| What to work on |
First find the line with "Photo #5: 202508019 Listing", then reproduce it and all following lines of the data to the end, exactly and with no pictures, adding nothing.

| Given data |
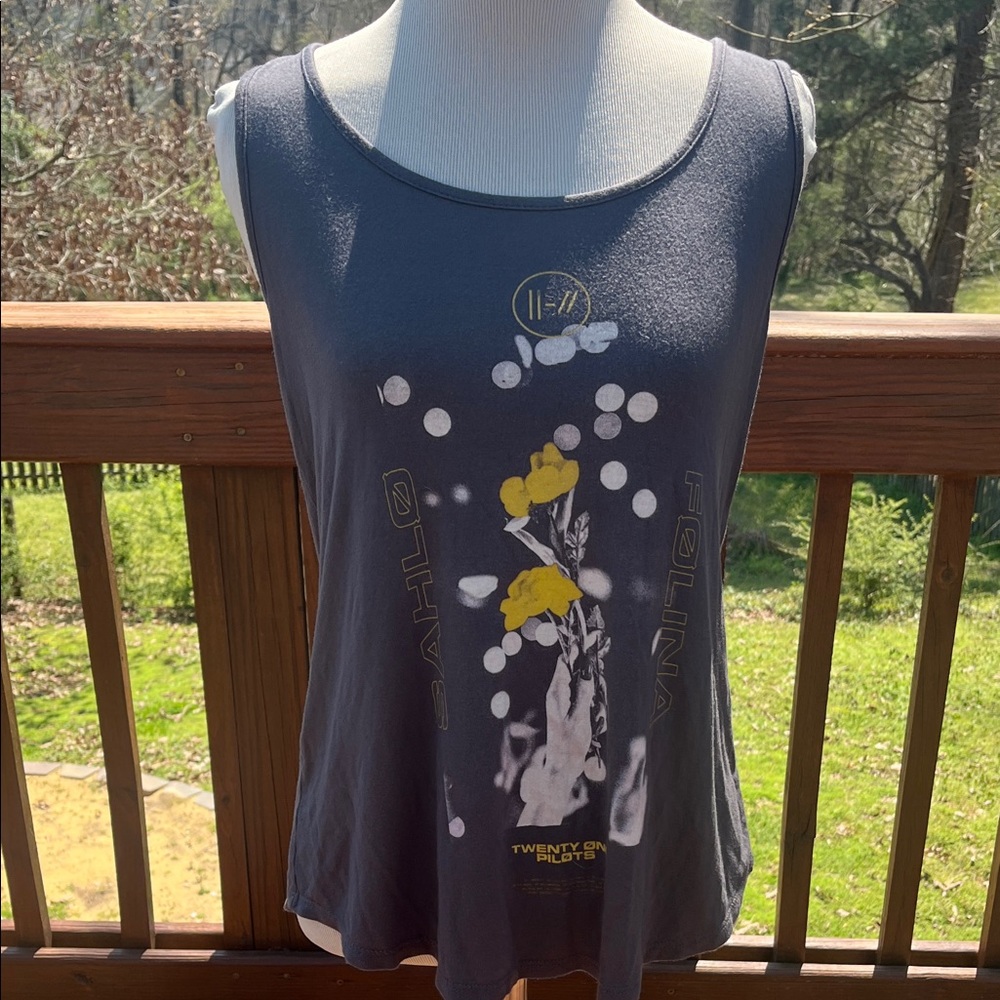 Twenty One Pilots Women's concert Graphic Gray Tank Top XS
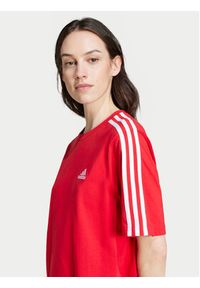 Adidas - adidas Sukienka codzienna Essentials 3-Stripes IY4241 Czerwony Loose Fit. Okazja: na co dzień. Kolor: czerwony. Materiał: bawełna. Typ sukienki: proste. Styl: casual #4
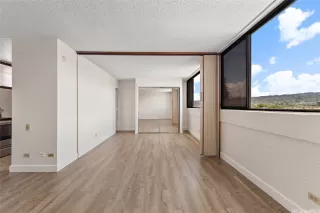 Photo #5: 202508019 Listing 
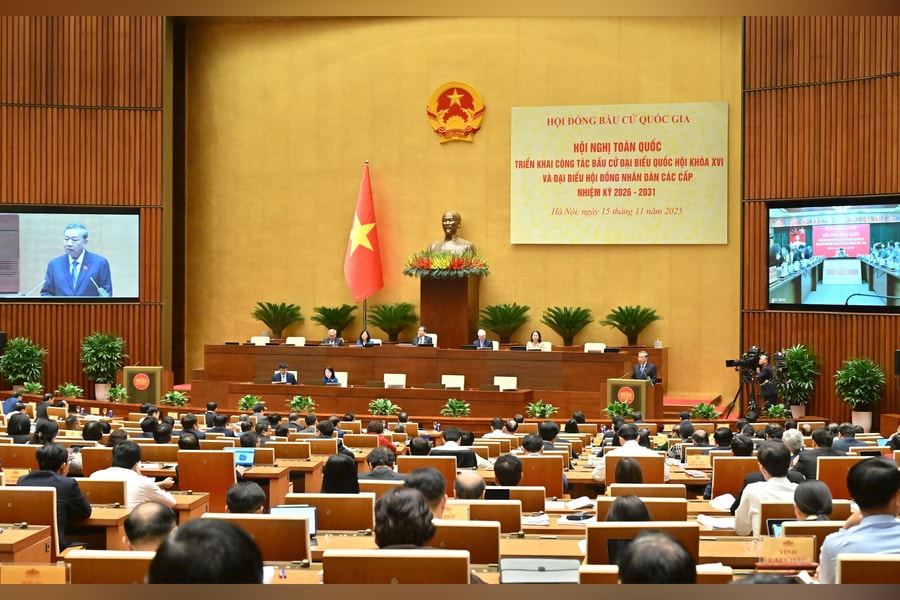 Bài 1: Thanh âm ngày bầu cử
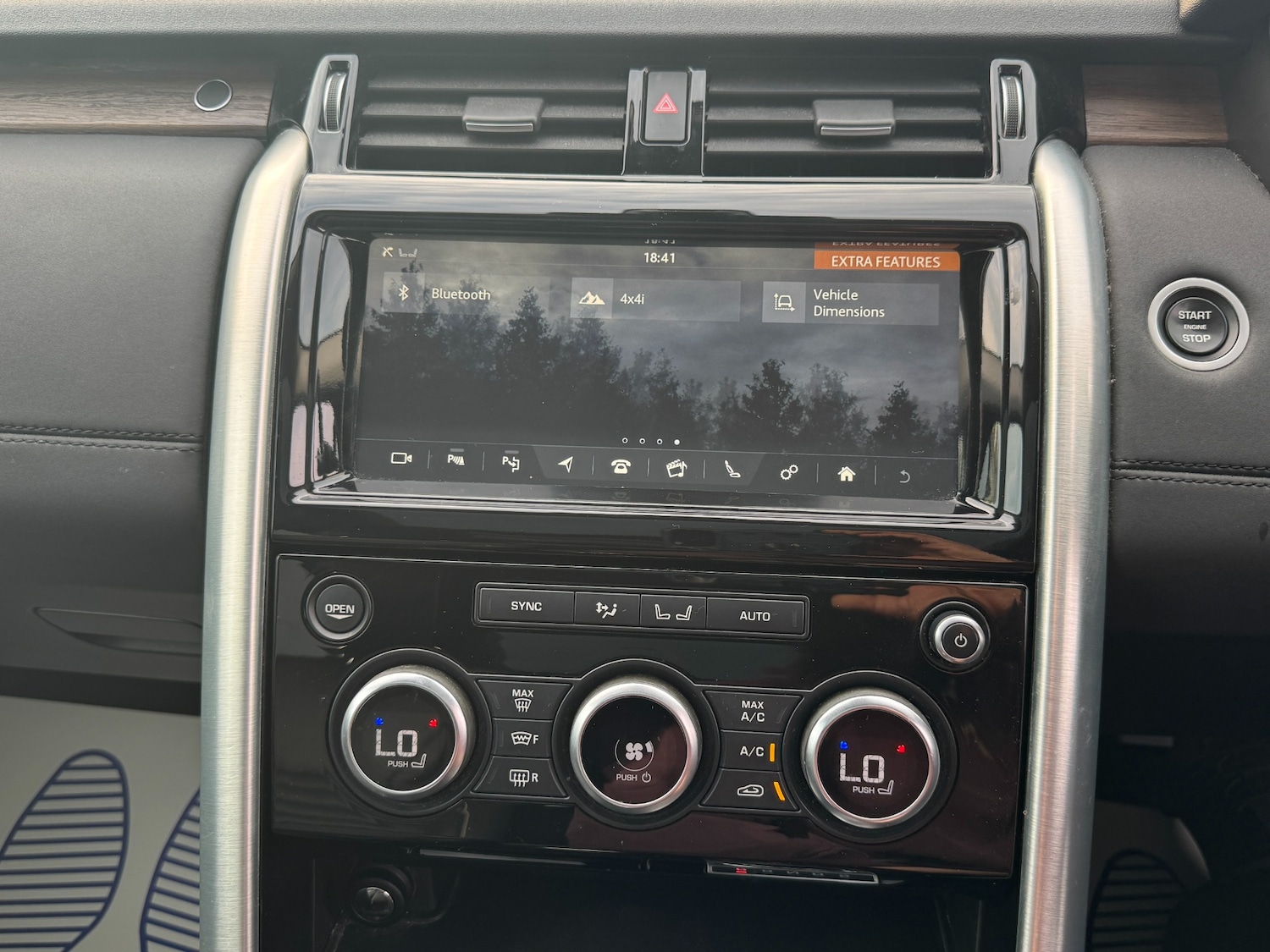 Used Land Rover Discovery 2019 for sale - 76555600: Photo 42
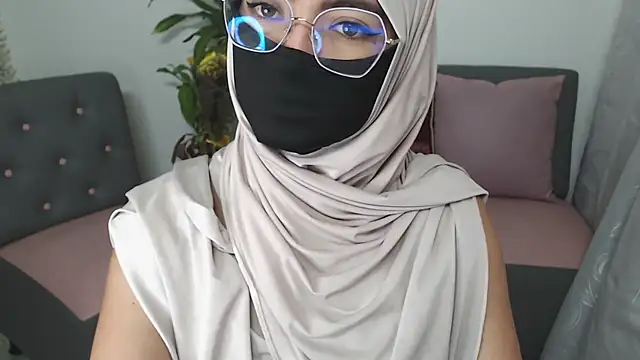 Snapshot of jade_nassar chatting on September 25, 2025, 7:53 pm jade nassar online show from September 25, 2025, 7:53 pm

| Exercise answer |
 Photo #5: 202508019 Listing 
 Bài 1: Thanh âm ngày bầu cử
 Used Land Rover Discovery 2019 for sale - 76555600: Photo 42
 Snapshot of jade_nassar chatting on September 25, 2025, 7:53 pm jade nassar online show from September 25, 2025, 7:53 pm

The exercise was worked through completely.